▶ [Goal of the exercise]: Output each line of the listing exactly, though pictures are not to appear.
** Opening Recorded data block **
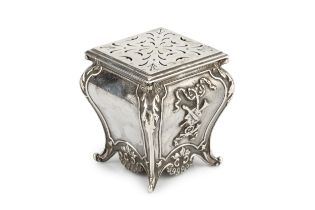 An Edwardian silver pot pourri box, in the form of a French style pedestal with pierced hinged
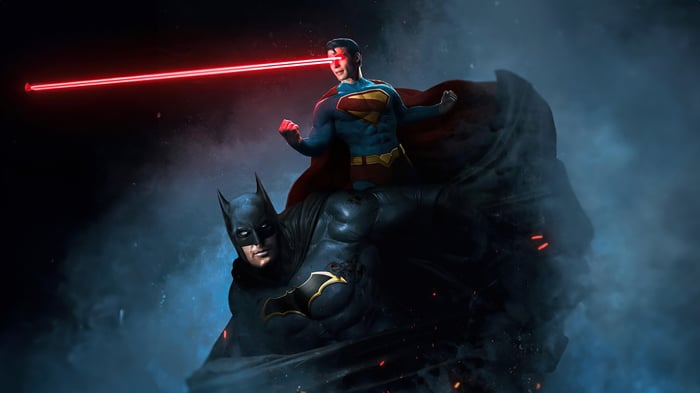 Batman and Superman with heat vision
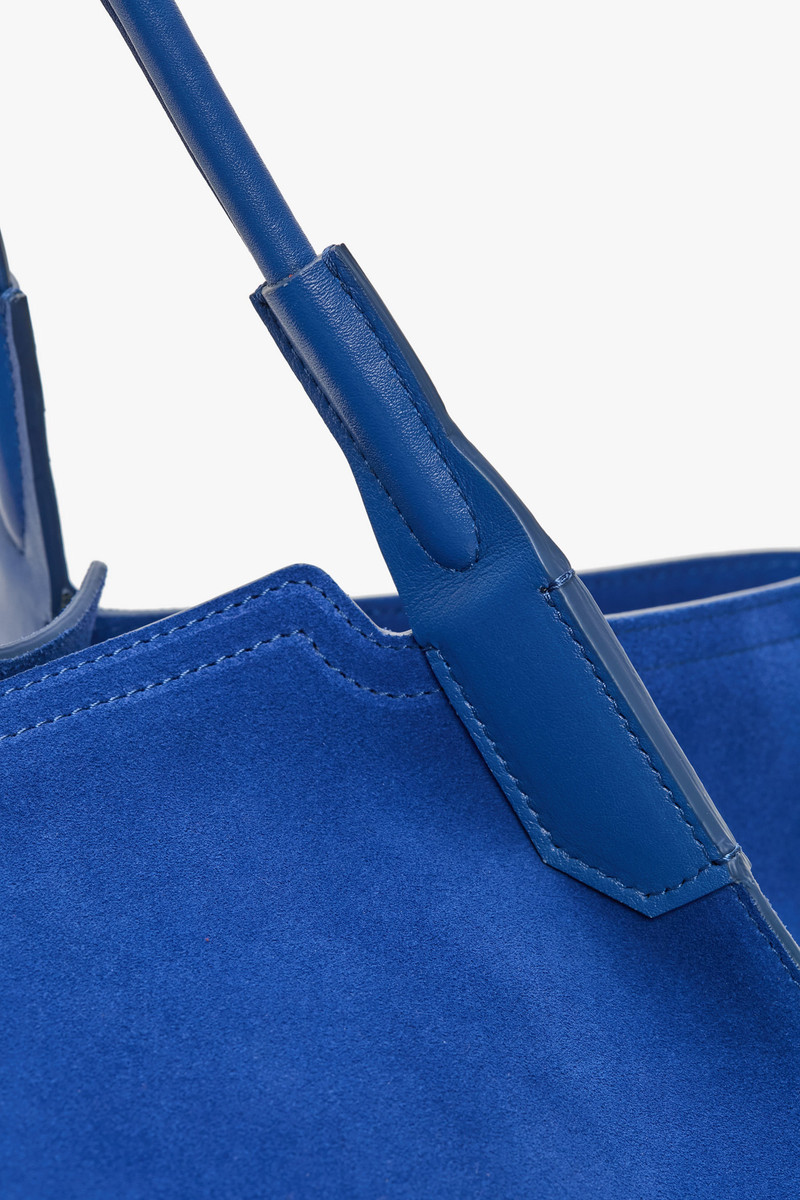 XL Victoria Tote In Sapphire Blue Suede 4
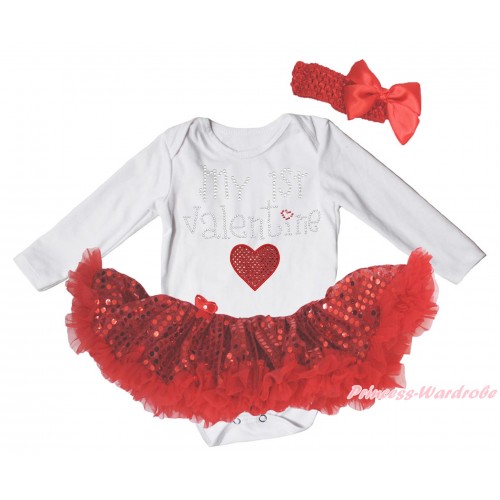 Valentine's Day White Long Sleeve Bodysuit Bling Red Sequins Pettiskirt & Sparkle Rhinestone My 1st Valentine Red Heart Print JS5001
** Closing Recorded data block **
▶ [Exercise response]:
 An Edwardian silver pot pourri box, in the form of a French style pedestal with pierced hinged
 Batman and Superman with heat vision
 XL Victoria Tote In Sapphire Blue Suede 4
 Valentine's Day White Long Sleeve Bodysuit Bling Red Sequins Pettiskirt & Sparkle Rhinestone My 1st Valentine Red Heart Print JS5001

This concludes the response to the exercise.